* WHAT YOU WILL DO *
The data should be duplicated exactly, with every word kept as it is.

* EXTRACTED INFORMATION *
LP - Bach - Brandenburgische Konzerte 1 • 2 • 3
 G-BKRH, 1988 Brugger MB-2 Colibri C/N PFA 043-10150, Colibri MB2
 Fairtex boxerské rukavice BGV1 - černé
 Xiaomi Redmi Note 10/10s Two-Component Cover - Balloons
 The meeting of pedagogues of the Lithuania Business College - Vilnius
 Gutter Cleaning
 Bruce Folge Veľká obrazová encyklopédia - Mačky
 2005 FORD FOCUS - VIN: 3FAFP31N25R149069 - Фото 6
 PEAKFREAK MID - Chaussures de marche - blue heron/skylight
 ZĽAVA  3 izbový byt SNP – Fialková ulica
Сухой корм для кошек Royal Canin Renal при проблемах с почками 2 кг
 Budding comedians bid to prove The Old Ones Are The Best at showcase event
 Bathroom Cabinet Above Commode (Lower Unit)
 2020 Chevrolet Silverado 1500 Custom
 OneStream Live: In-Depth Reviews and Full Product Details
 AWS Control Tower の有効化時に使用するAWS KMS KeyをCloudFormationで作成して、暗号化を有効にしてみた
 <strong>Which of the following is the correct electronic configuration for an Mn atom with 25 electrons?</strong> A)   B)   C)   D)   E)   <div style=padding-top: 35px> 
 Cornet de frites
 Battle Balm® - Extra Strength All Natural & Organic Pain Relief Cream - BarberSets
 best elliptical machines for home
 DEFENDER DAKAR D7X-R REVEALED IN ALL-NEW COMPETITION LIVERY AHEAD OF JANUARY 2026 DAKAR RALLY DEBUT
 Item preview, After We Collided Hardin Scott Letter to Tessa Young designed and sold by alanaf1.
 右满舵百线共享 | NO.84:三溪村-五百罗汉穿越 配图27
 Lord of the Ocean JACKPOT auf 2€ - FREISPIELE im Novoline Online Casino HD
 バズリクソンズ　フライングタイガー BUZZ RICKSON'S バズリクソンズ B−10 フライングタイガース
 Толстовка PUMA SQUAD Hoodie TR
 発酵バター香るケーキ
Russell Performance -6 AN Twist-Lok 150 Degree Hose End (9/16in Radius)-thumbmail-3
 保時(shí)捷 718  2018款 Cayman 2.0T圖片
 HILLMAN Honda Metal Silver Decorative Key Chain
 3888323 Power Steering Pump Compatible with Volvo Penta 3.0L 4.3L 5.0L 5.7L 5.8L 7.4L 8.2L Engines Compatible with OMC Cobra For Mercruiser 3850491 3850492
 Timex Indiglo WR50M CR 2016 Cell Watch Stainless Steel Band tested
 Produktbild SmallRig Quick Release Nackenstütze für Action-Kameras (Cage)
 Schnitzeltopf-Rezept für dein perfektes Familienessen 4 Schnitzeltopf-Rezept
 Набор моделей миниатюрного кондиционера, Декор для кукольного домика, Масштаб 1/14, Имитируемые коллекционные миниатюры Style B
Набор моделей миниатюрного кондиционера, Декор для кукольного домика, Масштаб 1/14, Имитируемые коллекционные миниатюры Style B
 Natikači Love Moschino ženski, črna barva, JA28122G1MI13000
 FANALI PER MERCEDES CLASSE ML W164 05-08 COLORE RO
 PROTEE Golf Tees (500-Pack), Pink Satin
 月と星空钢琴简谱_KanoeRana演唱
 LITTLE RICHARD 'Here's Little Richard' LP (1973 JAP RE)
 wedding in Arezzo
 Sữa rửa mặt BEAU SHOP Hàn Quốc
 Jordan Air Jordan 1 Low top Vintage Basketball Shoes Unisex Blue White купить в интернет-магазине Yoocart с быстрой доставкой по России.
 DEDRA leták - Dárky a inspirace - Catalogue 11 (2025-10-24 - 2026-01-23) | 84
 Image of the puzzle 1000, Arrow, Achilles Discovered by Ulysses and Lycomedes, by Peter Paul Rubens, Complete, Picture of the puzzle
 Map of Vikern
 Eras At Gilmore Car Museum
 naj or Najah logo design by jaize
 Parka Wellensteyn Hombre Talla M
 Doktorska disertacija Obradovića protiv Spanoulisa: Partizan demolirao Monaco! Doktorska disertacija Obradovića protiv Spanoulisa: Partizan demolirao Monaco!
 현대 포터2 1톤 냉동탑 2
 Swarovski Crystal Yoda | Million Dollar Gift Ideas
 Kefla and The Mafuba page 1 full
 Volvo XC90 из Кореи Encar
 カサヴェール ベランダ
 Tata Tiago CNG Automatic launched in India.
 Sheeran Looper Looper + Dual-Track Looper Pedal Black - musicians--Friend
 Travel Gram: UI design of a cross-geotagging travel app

* EXERCISE OUTPUT *
LP - Bach - Brandenburgische Konzerte 1 • 2 • 3
 G-BKRH, 1988 Brugger MB-2 Colibri C/N PFA 043-10150, Colibri MB2
 Fairtex boxerské rukavice BGV1 - černé
 Xiaomi Redmi Note 10/10s Two-Component Cover - Balloons
 The meeting of pedagogues of the Lithuania Business College - Vilnius
 Gutter Cleaning
 Bruce Folge Veľká obrazová encyklopédia - Mačky
 2005 FORD FOCUS - VIN: 3FAFP31N25R149069 - Фото 6
 PEAKFREAK MID - Chaussures de marche - blue heron/skylight
 ZĽAVA  3 izbový byt SNP – Fialková ulica
Сухой корм для кошек Royal Canin Renal при проблемах с почками 2 кг
 Budding comedians bid to prove The Old Ones Are The Best at showcase event
 Bathroom Cabinet Above Commode (Lower Unit)
 2020 Chevrolet Silverado 1500 Custom
 OneStream Live: In-Depth Reviews and Full Product Details
 AWS Control Tower の有効化時に使用するAWS KMS KeyをCloudFormationで作成して、暗号化を有効にしてみた
 <strong>Which of the following is the correct electronic configuration for an Mn atom with 25 electrons?</strong> A)   B)   C)   D)   E)   <div style=padding-top: 35px> 
 Cornet de frites
 Battle Balm® - Extra Strength All Natural & Organic Pain Relief Cream - BarberSets
 best elliptical machines for home
 DEFENDER DAKAR D7X-R REVEALED IN ALL-NEW COMPETITION LIVERY AHEAD OF JANUARY 2026 DAKAR RALLY DEBUT
 Item preview, After We Collided Hardin Scott Letter to Tessa Young designed and sold by alanaf1.
 右满舵百线共享 | NO.84:三溪村-五百罗汉穿越 配图27
 Lord of the Ocean JACKPOT auf 2€ - FREISPIELE im Novoline Online Casino HD
 バズリクソンズ　フライングタイガー BUZZ RICKSON'S バズリクソンズ B−10 フライングタイガース
 Толстовка PUMA SQUAD Hoodie TR
 発酵バター香るケーキ
Russell Performance -6 AN Twist-Lok 150 Degree Hose End (9/16in Radius)-thumbmail-3
 保時(shí)捷 718  2018款 Cayman 2.0T圖片
 HILLMAN Honda Metal Silver Decorative Key Chain
 3888323 Power Steering Pump Compatible with Volvo Penta 3.0L 4.3L 5.0L 5.7L 5.8L 7.4L 8.2L Engines Compatible with OMC Cobra For Mercruiser 3850491 3850492
 Timex Indiglo WR50M CR 2016 Cell Watch Stainless Steel Band tested
 Produktbild SmallRig Quick Release Nackenstütze für Action-Kameras (Cage)
 Schnitzeltopf-Rezept für dein perfektes Familienessen 4 Schnitzeltopf-Rezept
 Набор моделей миниатюрного кондиционера, Декор для кукольного домика, Масштаб 1/14, Имитируемые коллекционные миниатюры Style B
Набор моделей миниатюрного кондиционера, Декор для кукольного домика, Масштаб 1/14, Имитируемые коллекционные миниатюры Style B
 Natikači Love Moschino ženski, črna barva, JA28122G1MI13000
 FANALI PER MERCEDES CLASSE ML W164 05-08 COLORE RO
 PROTEE Golf Tees (500-Pack), Pink Satin
 月と星空钢琴简谱_KanoeRana演唱
 LITTLE RICHARD 'Here's Little Richard' LP (1973 JAP RE)
 wedding in Arezzo
 Sữa rửa mặt BEAU SHOP Hàn Quốc
 Jordan Air Jordan 1 Low top Vintage Basketball Shoes Unisex Blue White купить в интернет-магазине Yoocart с быстрой доставкой по России.
 DEDRA leták - Dárky a inspirace - Catalogue 11 (2025-10-24 - 2026-01-23) | 84
 Image of the puzzle 1000, Arrow, Achilles Discovered by Ulysses and Lycomedes, by Peter Paul Rubens, Complete, Picture of the puzzle
 Map of Vikern
 Eras At Gilmore Car Museum
 naj or Najah logo design by jaize
 Parka Wellensteyn Hombre Talla M
 Doktorska disertacija Obradovića protiv Spanoulisa: Partizan demolirao Monaco! Doktorska disertacija Obradovića protiv Spanoulisa: Partizan demolirao Monaco!
 현대 포터2 1톤 냉동탑 2
 Swarovski Crystal Yoda | Million Dollar Gift Ideas
 Kefla and The Mafuba page 1 full
 Volvo XC90 из Кореи Encar
 カサヴェール ベランダ
 Tata Tiago CNG Automatic launched in India.
 Sheeran Looper Looper + Dual-Track Looper Pedal Black - musicians--Friend
 Travel Gram: UI design of a cross-geotagging travel app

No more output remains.